The family's mausoleum here in Salem Fields Cemetery is often compared to the ancient Tower of the Winds in Athens, but a cursory visual comparison of the six-sided mausoleum and the eight-sided tower reveals that they have very little in common other than a similar general shape.
It's tough to see with the reflection, but here's a closer look at the encased busts of Louis and Bertha.
Here in mausoleum-packed Salem Fields Cemetery, cut off from the free-ranging air currents that afforded swift passage across the wide-open plains of Cypress Hills National Cemetery, our itinerant balloon friend has become rather sluggish.
The eponymous Fox of Rupert Murdoch's entertainment empire
Austrian-born Joseph B. Greenhut was the second man in Chicago to enlist for service in the Civil War following President Lincoln's call for volunteers in 1861, and he rose to the rank of captain before resigning his commission in 1864. He became quite wealthy after the war, establishing the world's largest distillery in Peoria, Illinois (the "Whiskey Capital of the World") and later acquiring control of a major department store company in Manhattan. A 1912 history of Peoria attributed his success in business to his "marked ability to coordinate interests and to combine seemingly diverse factions into a harmonious whole. It is said that difficulties vanish before him as mist before the morning sun." In 1909, he purchased Shadow Lawn, a magnificent New Jersey estate (photos) that was used by President Wilson as his Summer White House (video) for the last two months of his 1916 re-election campaign.

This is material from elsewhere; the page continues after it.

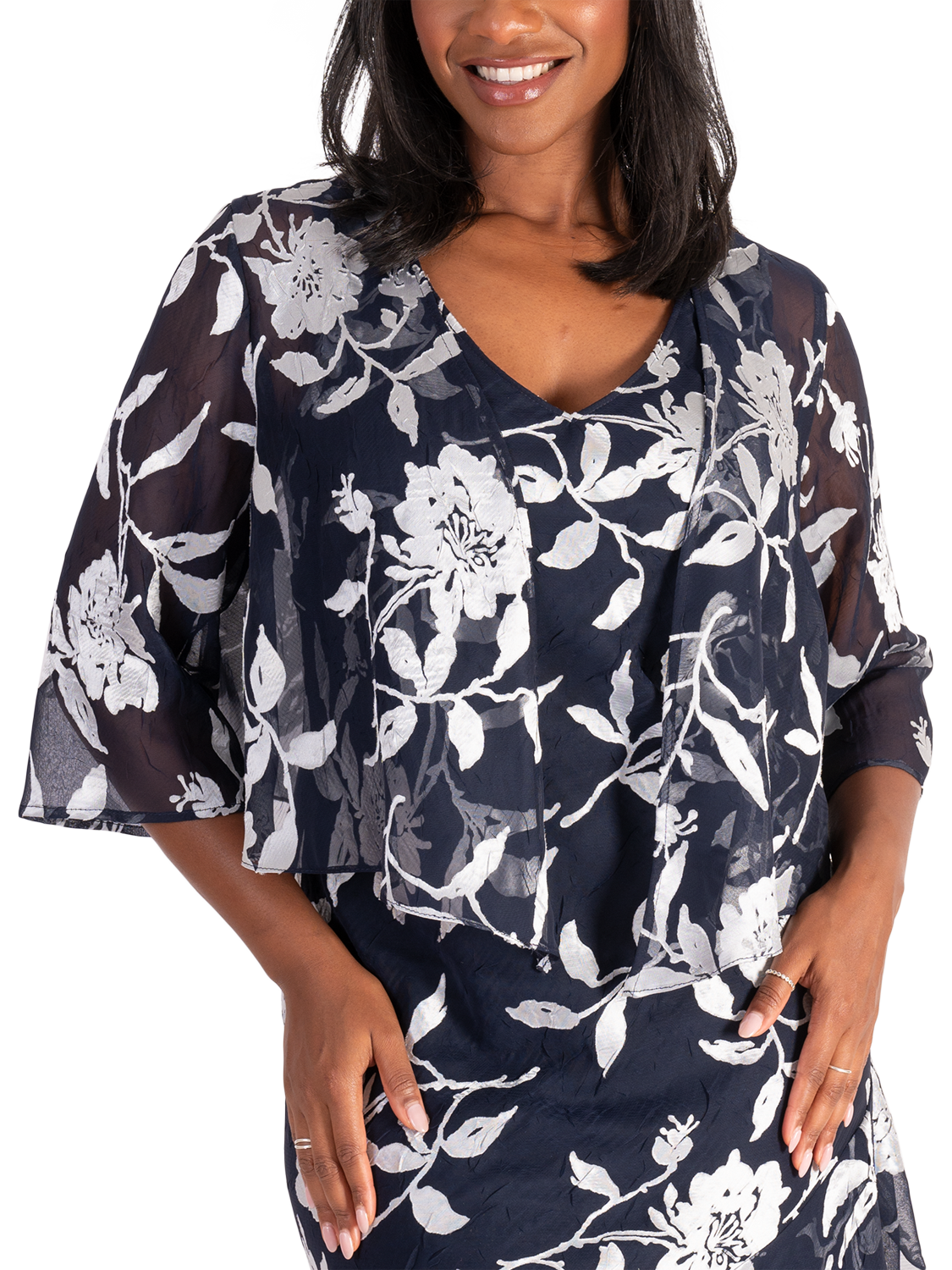 Product image 5 of 8, which shows chesca Leaf Satin Burnout High Low Midi Dress & Bolero Jacket, Navy/Silver, 12-14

Lip Pike was the first Jewish baseball star. He led the National Association (the first professional baseball league and the predecessor of the National League) in home runs in its first three seasons, 1871-73.
Salem Fields Cemetery, along with neighboring Cypress Hills National Cemetery, belongs to a huge cluster of 17 contiguous cemeteries located along the middle of the border between Brooklyn and Queens.
There have only been 19 two-time recipients of the Medal of Honor (the country's highest military honor), and three of them are buried in Cypress Hills National Cemetery: Daniel Daly ("Come on, you sons of bitches, do you want to live forever?"), John Cooper, and Louis Williams (a.k.a. Ludwig Andreas Olsen).
An officers' section of Cypress Hills National Cemetery and a line of mausoleums in Salem Fields Cemetery
It came right up to me and then jumped the fence into Salem Fields Cemetery.